The enhanced security came a day after dissidents opposed to Arafat's moderate policies responded to his cutoff of aid and supplies to them by seizing food, ammunition and equipment supply depots on the outskirts of Damascus.

According to reports reaching here, the level of tension in the conflict has risen, despite almost daily visits by Arafat to PLO positions in eastern Lebanon's Bekaa Valley and to northern Lebanon to quell the uprising.

"The revolt is intensifying," a close aide to Arafat told a reporter for Reuter in Damascus today.

Arafat aides said rebels shot their way into the depots, wounding three people, but a spokesman for the dissidents said the takeover was peaceful.

The uprising, which began more than three weeks ago in Fatah, the largest faction in the PLO and Arafat's main base of support, has presented Arafat with a serious challenge to his leadership.

It has added yet another kink in the tangled and volatile situation here. In response to the challenge for leadership in the PLO, Arafat has spoken about the inevitability of war, an assertion that seems aimed at rallying his fighters but also has the effect of heightening tensions.

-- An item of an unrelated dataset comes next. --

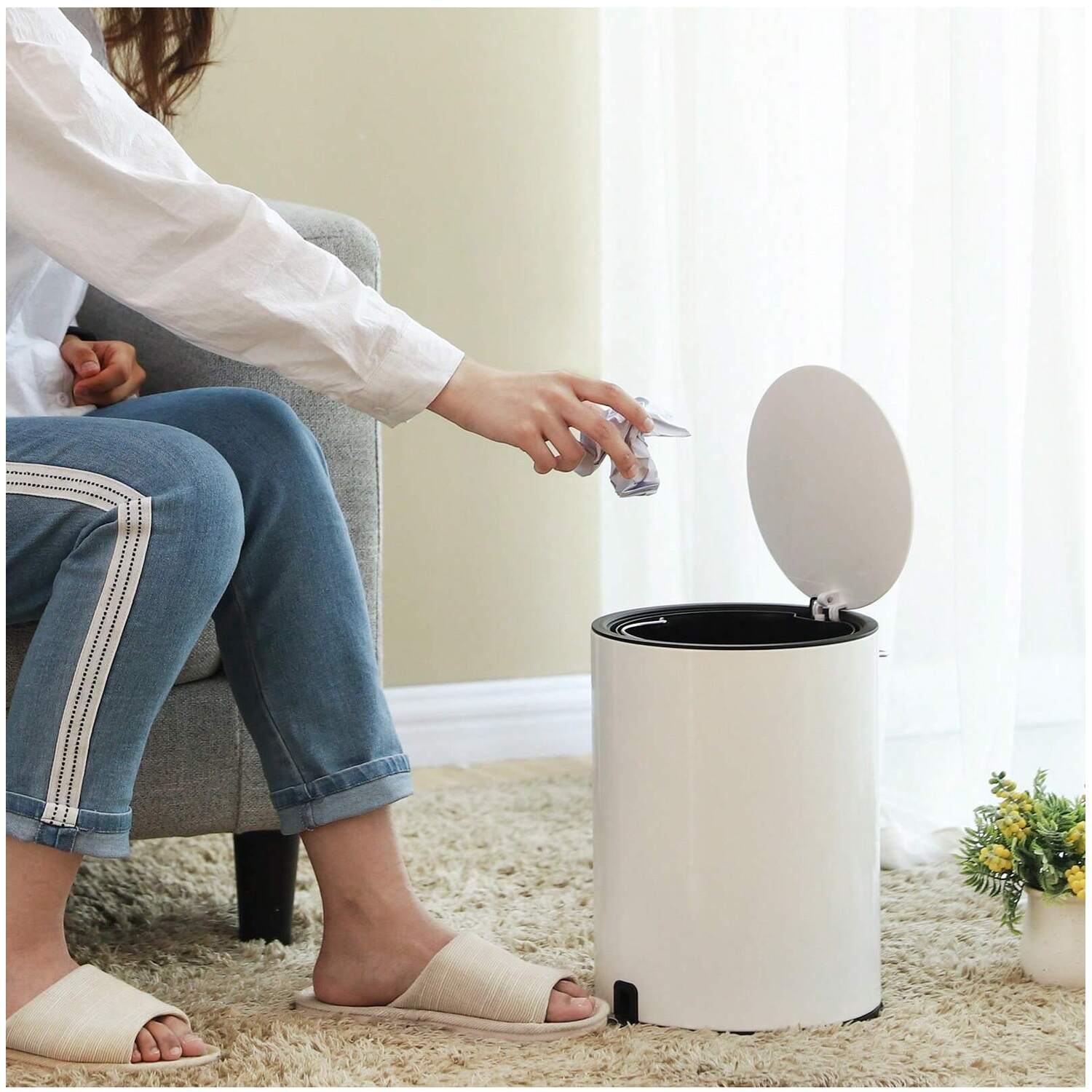 Woodquail Bamboo Bathroom Bin With Lid – 33cm, Waterproof, Natural Golden Finish - View #2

The indications are that Syria, despite its own warnings of war, has stringently kept in check PLO fighters behind its lines, although they have bragged about breaking through the Syrian lines to launch hit-and-run attacks against Israel.

One such attack, in which an Israeli soldier was killed, occurred Friday, but the indications were that the Israelis were refraining from retaliatory action. That was taken as a good sign among optimistic analysts watching the center stage of the conflict, the tension along the front lines of Israel and Syria in the Bekaa.

Israel continued to send tanks and reinforcements into Lebanon today. Local radio reported that there was antiaircraft fire at Israeli planes, which reportedly were increasing their reconnaissance flights over Syrian-held positions. The reports said the firing came from PLO positions around Tripoli. Israeli spokesmen did not comment on the reports.

Lebanese television reported that Israeli gunners and Syrian artillery units exchanged shell fire across the cease-fire line in the Bekaa, killing one Lebanese and wounding another, The Associated Press reported. Israeli security sources said the clash was minor, lasting for about 20 minutes with only a few rounds exchanged.

Syria's uncharacteristic announcement yesterday that it had ended the spring maneuvers, which had raised alarms, was confirmed today by a senior Israeli military source, according to an Israeli radio boardcast.

The radio report said Israel's armored corps commander, Gen. Moshe Bar-Kochba, toured the front line today and said there were no signs of unusual activity on the Syrian side.

"We must assume that the Syrians, seeing that our forces are prepared, will not take hasty decision," he told Israeli Army radio.

A White House spokesman confirmed Sunday that Syria has ended its spring military exercises in Lebanon, but said the United States is still concerned about the possibility of a conflict between Syrian and Israeli forces, AP reported.

Deputy press secretary Larry Speakes said: "Our concerns on the escalation of troop strength remain the same." He called the situation "an uneasy peace" that could be disrupted by provocation.